Flows in the River Murray System vary widely depending on a range of factors, including rainfall, inflows, evaporation, and demand for water for human use.

At any given time, water flowing through the river is destined for various uses, including irrigation, industry, communities, the environment, and meeting South Australia’s flow entitlement. The exact mix of these flow components is determined by demand and water availability, amongst other factors.

The graphic below is indicative of how water flow is managed throughout the seasons across a typical year.

Seasonal flow in the River Murray System, highlighting that water for environment flows are lower in summer-autumn, and higher in winter-spring.
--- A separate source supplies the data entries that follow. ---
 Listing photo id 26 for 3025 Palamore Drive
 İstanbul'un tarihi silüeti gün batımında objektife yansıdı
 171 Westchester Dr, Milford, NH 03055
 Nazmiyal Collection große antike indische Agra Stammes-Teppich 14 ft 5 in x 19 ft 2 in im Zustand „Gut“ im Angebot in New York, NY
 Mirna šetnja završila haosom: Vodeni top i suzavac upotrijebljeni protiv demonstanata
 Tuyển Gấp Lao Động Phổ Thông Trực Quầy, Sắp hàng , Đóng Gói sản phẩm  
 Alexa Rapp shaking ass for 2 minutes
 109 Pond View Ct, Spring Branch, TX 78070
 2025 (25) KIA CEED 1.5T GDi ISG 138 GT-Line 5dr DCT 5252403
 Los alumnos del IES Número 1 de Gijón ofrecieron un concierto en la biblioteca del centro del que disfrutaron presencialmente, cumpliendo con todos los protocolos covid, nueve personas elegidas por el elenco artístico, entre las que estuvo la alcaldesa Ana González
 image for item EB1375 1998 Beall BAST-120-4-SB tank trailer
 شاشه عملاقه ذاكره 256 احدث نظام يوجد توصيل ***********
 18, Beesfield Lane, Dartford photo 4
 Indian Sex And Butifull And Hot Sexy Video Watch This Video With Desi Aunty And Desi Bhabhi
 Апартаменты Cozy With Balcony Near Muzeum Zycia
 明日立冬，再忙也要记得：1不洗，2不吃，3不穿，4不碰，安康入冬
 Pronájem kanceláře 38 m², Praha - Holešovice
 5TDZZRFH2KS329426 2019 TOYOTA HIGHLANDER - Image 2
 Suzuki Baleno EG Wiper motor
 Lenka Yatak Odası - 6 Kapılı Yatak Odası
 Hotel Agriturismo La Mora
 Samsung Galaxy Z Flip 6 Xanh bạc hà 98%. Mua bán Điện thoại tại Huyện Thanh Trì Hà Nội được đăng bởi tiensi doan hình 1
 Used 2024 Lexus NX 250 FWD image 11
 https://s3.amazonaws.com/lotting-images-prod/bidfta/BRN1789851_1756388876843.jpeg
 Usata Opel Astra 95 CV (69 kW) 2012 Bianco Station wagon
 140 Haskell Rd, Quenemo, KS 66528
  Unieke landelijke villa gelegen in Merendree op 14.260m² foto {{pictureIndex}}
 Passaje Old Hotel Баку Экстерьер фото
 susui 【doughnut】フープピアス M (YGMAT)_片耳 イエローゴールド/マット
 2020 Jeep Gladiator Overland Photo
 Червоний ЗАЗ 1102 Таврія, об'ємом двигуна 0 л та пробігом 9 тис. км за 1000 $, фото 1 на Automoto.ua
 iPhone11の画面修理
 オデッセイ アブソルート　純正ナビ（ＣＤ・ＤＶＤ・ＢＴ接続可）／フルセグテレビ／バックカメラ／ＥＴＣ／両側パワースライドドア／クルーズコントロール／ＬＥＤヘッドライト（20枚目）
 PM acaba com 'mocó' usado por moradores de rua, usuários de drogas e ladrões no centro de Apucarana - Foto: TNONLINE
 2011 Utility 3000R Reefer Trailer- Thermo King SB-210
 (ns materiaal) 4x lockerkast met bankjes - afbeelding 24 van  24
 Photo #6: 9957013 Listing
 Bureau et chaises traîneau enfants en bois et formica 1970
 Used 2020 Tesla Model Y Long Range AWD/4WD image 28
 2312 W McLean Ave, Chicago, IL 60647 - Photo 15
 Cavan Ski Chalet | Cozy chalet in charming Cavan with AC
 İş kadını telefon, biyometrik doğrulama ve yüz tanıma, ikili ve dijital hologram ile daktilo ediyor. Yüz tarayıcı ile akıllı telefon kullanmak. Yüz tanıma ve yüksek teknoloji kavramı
  • River operations focus on managing dam storage levels and river system for the following water year
  • River flows are relatively stable
  • Medium demand for consumptive use (irrigation, industry, communities)
  • Water for the environment flows are low
  • Dam storage levels decline
  • River operations focus on capturing inflows from tributaries and meeting early season demand*
  • River flows are highly variable
  • Lowest demand for consumptive water (irrigation, industry, communities)
  • Water for the environment flows increase
  • Dam storage levels increase
  • River operations aim to capture water inflows and manage dam storage levels for summer demand*
  • Increasing demand for consumptive water (irrigation, industry, communities)
  • River flows are highly variable
  • Water for the environment flows are highest
  • Dam storage levels increase due to higher inflows
  • River operations focus on managing water supply to meet large system demand*
  • River flows are relatively stable
  • Highest demand for consumptive water (irrigation, industry, communities)
  • Water for the environment flows decrease
  • Dam storage levels decline

* including meeting South Australia's flow entitlement.

Water for the environment

Overall, water for the environment is a small percentage of the total water used in the Murray–Darling Basin.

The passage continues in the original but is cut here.